Les transactions inscrites dans une blockchain ne peuvent, par construction de celle-ci, être effacées. Cette inaltérabilité des données entre en opposition avec les articles 16 et 17 du RGPD, notamment avec le droit à la rectification et le droit à l’effacement. En effet, les “blocs” contenant les informations sont à la fois liés les uns aux autres, et dupliqués sur de nombreuses machines (les “noeuds du réseau”) : c’est d’ailleurs là tout l’intérêt du système puisqu’il permet la décentralisation de la donnée et la prévention de sa falsification. Lors de l’ajout d’un bloc, son authenticité est vérifiée par l’ensemble des noeuds de réseau et validée sur le principe du consensus des 51%. Pour être tout-à-fait exact, la modification ou la suppression d’une transaction inscrite dans une chaîne de blocs publique est techniquement possible mais extrêmement exigeante et coûteuse : il faudrait pour cela qu’une majorité des “mineurs”, qui ont pour rôle d’enregistrer et de valider chaque transaction réalisée sur la chaîne de blocs, réécrivent simultanément (alors qu’ils sont géographiquement éparpillés) la chaîne à partir de la transaction concernée (ce qui mobiliserait des ressources et une puissance de calcul considérables).
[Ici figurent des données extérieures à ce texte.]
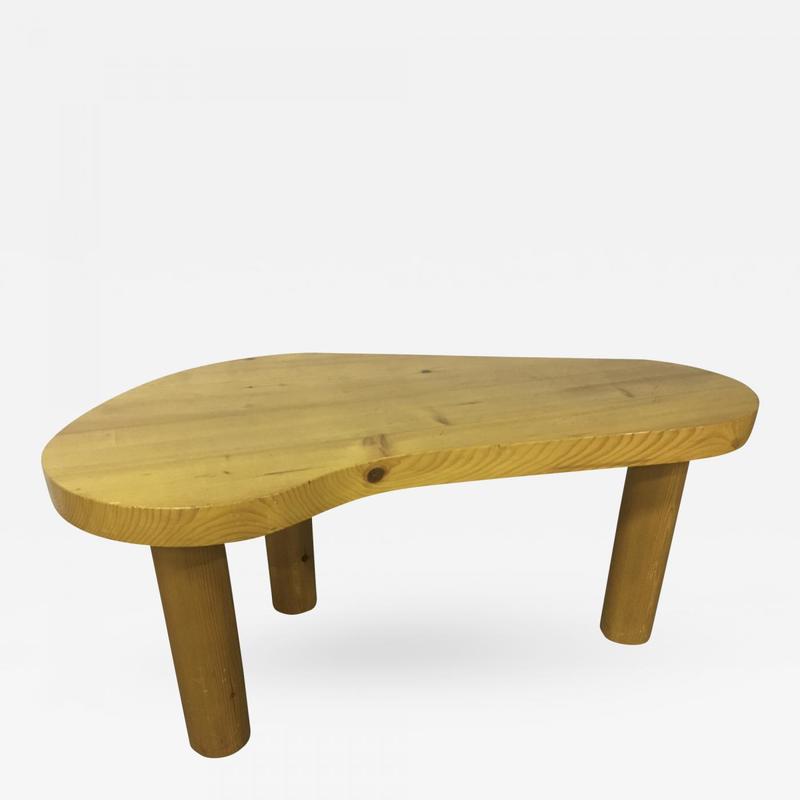 Charlotte Perriand pine Tripod coffee table. - Coffee Table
Déterminer un responsable du traitement : la quête impossible ?
En conséquence de la conformité RGPD : comment déterminer le responsable de traitement au sein de la blockchain ?
Selon l’article 24 dudit règlement, ce dernier est la personne ou l’entité qui détermine les finalités et les moyens du traitement des données personnelles. Mais comment identifier celui-ci dans un système par construction décentralisé, sans administrateur pour orchestrer l’ensemble ?
Le fonctionnement d’une blockchain inclut au moins trois acteurs : les développeurs, les mineurs et les utilisateurs; mais aucun d’entre eux ne peut endosser ce rôle (sans parler de la difficulté posée par leur fréquent anonymat).
Quant à la blockchain en elle-même, il s’agit d’un protocole et non d’un logiciel : elle ne constitue donc pas un actif logiciel mettant en oeuvre un processus en soi.
Replacer le curseur sur le rattachement de la donnée à l’utilisateur
Cependant, ces obstacles a priori insurmontables ne le sont peut-être pas tout-à-fait si l’on constate les évolutions de l’exploitation de la technologie : en effet, le développement d’un quatrième acteur, intermédiaire entre l’utilisateur et la blockchain, ouvre une porte au RGPD. Ce dernier, dans le cadre d’un service (plateforme de change, portefeuille en ligne, outil de surveillance), capte nécessairement davantage d’informations sur l’utilisateur, mais a en même temps la possibilité de les manier, de les supprimer, et d’en répondre, avec l’existence tangible d’un responsable de traitement et/ou d’un délégué à la protection des données. On déplace donc le curseur de l’existence de la donnée à son rattachement à une personne, plus aisément gérable.
Quid du consentement ?
La blockchain pourrait apporter de nouvelles solutions mais également de nouveaux défis à la question du consentement, abordé à l’article 7. En effet, d’un côté les smart contractsavec cette technologie permettraient de graver dans le marbre le consentement des utilisateurs au traitement de ses données personnelles. Mais de l’autre, tout dépend du support de ces données : si elles sont stockées sur une chaîne de blocs plutôt qu’un support “classique”, le problème de la permanence de l’information évoquée plus haut demeure en cas de rétractation du consentement.
Le contournement par la blockchain privée
Une solution pour s’assurer d’être en conformité avec le RGPD passe par l’utilisation d’une blockchain privée ou de consortium. Dans ce cas de figure, un acteur – l’administrateur – détient la majorité ou l’intégralité de la puissance de calcul sur le réseau, et peut donc procéder aux modifications sans se heurter au nombre et à l’éparpillement des mineurs. Il gère également les droits de lecture et d’écriture des transactions. Il peut également s’agir d’un groupe restreint d’administrateurs coordonnés. La philosophie et une liste non négligeable d’avantages (décentralisation, sécurité, immuabilité, entre autres) de la blockchain sont alors sacrifiées à la nécessité de mise en conformité.